** Assignment **
Word for word, set down every line of the entries below from the line with "12 Citation Ln, Manalapan, NJ" to the line with "1 горсть в лунку", including both, and no other line.

** Available data **
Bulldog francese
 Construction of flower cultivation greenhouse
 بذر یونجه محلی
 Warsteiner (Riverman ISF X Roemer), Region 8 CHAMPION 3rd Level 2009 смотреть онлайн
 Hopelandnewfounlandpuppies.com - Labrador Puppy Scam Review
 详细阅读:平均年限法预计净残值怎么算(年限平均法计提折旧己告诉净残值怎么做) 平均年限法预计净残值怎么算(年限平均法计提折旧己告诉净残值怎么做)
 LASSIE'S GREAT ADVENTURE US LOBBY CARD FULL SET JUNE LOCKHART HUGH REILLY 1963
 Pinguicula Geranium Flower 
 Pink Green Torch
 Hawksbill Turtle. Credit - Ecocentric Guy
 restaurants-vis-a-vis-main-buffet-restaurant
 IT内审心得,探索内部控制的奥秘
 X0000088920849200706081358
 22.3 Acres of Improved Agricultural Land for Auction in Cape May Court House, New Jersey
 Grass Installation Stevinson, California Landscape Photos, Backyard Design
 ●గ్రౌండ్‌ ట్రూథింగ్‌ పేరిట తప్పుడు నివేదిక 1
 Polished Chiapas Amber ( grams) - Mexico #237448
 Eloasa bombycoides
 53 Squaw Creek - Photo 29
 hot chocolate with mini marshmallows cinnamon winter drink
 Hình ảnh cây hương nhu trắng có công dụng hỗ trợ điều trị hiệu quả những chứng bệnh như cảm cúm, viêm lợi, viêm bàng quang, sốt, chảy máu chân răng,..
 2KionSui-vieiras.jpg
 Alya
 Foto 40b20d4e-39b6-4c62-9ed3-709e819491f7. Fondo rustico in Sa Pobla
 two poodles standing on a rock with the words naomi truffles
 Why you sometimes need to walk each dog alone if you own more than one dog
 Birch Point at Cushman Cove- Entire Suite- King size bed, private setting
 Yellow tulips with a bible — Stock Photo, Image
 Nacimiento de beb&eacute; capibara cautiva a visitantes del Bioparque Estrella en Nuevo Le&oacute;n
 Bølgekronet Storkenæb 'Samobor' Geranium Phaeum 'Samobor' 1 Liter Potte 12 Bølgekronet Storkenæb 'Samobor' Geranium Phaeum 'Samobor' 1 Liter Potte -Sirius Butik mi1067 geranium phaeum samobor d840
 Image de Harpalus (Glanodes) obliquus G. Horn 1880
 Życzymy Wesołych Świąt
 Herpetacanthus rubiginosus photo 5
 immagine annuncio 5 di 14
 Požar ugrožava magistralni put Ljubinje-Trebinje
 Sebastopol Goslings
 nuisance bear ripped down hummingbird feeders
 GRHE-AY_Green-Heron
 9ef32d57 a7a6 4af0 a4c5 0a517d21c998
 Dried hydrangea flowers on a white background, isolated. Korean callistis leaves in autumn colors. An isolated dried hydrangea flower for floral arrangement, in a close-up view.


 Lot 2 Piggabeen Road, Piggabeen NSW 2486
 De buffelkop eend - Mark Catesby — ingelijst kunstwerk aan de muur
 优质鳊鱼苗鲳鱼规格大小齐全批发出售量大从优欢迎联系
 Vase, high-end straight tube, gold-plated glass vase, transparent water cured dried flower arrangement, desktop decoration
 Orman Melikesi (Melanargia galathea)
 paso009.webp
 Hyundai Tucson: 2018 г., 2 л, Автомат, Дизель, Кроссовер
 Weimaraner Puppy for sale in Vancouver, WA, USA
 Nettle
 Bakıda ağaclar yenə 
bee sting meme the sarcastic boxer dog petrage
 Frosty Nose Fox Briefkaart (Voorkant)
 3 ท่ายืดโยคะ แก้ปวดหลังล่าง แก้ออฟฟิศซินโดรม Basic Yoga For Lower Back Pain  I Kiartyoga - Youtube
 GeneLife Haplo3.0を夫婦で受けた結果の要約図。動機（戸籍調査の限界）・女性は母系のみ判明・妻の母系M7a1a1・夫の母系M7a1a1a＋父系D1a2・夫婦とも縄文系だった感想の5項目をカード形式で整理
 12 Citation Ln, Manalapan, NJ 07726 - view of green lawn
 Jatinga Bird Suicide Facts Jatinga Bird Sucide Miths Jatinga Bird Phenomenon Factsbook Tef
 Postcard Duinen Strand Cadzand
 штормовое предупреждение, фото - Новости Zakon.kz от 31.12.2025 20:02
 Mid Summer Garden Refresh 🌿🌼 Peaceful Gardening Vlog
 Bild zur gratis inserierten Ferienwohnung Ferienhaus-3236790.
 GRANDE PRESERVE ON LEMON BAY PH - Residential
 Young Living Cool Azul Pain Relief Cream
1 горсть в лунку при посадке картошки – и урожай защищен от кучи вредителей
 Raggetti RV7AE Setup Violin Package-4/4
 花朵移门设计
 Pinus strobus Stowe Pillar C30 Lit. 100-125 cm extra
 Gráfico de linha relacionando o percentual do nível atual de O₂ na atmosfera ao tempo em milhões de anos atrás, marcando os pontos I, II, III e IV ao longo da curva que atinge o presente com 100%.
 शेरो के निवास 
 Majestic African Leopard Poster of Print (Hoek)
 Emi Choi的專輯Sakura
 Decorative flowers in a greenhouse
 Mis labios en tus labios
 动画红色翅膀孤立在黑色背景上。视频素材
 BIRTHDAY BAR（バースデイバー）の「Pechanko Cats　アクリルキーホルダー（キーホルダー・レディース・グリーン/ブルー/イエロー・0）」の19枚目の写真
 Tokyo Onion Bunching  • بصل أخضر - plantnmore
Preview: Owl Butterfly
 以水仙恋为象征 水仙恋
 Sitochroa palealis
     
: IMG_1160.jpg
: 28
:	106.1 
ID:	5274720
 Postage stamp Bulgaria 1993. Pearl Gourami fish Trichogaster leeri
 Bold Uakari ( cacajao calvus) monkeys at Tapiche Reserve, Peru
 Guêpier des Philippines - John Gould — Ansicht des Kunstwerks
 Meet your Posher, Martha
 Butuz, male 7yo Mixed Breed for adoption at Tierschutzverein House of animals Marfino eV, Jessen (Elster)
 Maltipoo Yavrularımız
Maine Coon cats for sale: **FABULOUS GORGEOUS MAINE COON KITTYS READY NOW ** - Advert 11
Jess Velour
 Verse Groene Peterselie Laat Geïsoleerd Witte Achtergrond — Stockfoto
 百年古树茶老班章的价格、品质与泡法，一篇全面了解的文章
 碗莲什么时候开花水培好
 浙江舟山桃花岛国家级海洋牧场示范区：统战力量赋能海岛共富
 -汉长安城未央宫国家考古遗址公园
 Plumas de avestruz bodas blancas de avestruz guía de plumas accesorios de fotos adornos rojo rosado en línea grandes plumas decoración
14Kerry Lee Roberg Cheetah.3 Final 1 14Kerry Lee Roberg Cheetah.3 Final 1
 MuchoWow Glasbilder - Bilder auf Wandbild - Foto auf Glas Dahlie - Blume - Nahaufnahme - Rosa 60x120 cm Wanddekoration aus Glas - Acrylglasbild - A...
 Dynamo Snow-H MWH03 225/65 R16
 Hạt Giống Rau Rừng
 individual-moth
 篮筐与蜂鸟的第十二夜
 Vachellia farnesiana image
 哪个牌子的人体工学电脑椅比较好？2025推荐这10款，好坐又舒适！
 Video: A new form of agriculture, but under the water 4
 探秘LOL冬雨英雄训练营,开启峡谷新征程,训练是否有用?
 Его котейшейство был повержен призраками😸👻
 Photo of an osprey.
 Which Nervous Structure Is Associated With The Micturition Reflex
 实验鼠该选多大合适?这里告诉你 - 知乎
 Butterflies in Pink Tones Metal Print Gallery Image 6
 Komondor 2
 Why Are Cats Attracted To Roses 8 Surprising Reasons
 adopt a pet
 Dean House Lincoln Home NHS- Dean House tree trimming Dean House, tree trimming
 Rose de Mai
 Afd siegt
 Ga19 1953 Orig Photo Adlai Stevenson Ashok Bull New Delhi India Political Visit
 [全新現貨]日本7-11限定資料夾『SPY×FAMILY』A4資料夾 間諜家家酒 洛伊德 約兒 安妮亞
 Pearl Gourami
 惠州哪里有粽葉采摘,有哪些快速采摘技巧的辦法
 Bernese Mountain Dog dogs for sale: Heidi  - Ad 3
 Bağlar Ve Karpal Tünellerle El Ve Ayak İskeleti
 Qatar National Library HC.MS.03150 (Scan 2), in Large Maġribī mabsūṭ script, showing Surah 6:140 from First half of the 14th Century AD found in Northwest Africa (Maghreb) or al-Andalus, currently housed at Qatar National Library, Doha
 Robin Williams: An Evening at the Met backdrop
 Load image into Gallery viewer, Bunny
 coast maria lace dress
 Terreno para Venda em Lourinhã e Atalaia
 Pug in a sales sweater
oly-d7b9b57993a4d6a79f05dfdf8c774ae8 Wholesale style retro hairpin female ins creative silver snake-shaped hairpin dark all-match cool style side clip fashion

** Response to this task **
 12 Citation Ln, Manalapan, NJ 07726 - view of green lawn
 Jatinga Bird Suicide Facts Jatinga Bird Sucide Miths Jatinga Bird Phenomenon Factsbook Tef
 Postcard Duinen Strand Cadzand
 штормовое предупреждение, фото - Новости Zakon.kz от 31.12.2025 20:02
 Mid Summer Garden Refresh 🌿🌼 Peaceful Gardening Vlog
 Bild zur gratis inserierten Ferienwohnung Ferienhaus-3236790.
 GRANDE PRESERVE ON LEMON BAY PH - Residential
 Young Living Cool Azul Pain Relief Cream
1 горсть в лунку при посадке картошки – и урожай защищен от кучи вредителей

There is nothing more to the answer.